The Muse: Skip it. Sharon Stone and Andie MacDowell are as delightful as always. Jeff Bridges is weird, but I like him. Albert Brooks whined a lot, but he made it work relatively well. But the script... There are lots of topical (read: "soon to be obsolete") references to the film industry, and there are some fun cameos that you need to be really in-the-know to get (I wouldn't have recognized Martin Scorsese if it weren't for Animaniacs). And then there's the ending—or lack thereof. The film is strolling along, then some twists and conflict are introduced, and then the credits are rolling. --wha? It ends so abruptly I can only guess that it suffered from thought-of-the-ending-first syndrome: The writer gets an idea for a twist ending, tries to craft a plot that leads up to it, realizes he's meandering far too slowly, and quickly dashes through the last steps to the brilliant and surprising finish. There's a brief shot of Sharon Stone's well-crafted behind, and that's about all there is to recommend this film.
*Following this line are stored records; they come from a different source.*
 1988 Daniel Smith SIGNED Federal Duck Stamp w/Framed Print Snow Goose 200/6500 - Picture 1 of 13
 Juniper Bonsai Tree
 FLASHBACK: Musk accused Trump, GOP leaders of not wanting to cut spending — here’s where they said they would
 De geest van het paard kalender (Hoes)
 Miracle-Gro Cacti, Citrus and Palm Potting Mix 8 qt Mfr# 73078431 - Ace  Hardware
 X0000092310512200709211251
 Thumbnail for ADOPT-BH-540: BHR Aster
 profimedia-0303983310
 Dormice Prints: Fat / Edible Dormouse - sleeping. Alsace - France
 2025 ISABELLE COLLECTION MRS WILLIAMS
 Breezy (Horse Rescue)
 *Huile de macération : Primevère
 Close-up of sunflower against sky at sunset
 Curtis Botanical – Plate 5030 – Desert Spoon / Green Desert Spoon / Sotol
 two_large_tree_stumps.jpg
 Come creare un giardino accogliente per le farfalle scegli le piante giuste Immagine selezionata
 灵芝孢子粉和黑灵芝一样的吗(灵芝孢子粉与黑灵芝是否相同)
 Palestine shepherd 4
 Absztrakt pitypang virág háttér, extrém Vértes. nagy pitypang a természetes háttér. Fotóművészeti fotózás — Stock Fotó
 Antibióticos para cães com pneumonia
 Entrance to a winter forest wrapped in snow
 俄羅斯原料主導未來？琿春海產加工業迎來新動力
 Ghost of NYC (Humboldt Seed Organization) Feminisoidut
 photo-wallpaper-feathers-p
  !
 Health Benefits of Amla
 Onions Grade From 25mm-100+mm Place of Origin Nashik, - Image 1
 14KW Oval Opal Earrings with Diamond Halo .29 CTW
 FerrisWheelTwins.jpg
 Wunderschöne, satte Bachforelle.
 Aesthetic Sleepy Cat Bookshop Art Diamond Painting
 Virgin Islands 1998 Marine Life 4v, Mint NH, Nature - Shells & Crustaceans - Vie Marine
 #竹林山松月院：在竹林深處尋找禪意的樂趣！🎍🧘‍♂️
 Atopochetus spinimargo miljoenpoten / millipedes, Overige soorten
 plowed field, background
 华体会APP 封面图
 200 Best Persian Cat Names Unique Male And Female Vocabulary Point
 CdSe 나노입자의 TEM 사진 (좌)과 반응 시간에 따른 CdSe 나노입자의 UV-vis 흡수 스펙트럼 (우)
Run Lola Run: Oh, yes. Yes. It's about entropy, it's about choices, it's about quantum physics—all wrapped up in a visually captivating and admirably aerobic sprint. It's German, with subtitles, which I didn't realize until the opening credits rolled by, auf Deutsch. The style is clearly not-American, which I appreciated. Australian films (such as Muriel's Wedding and Strictly Ballroom) have their own signature feel, as do the French films I've seen, Delicatessen and City of Lost Children (granted, same director); Run Lola Run was my first glimpse at a German movie. And I liked it—kept my heart rate up the whole time.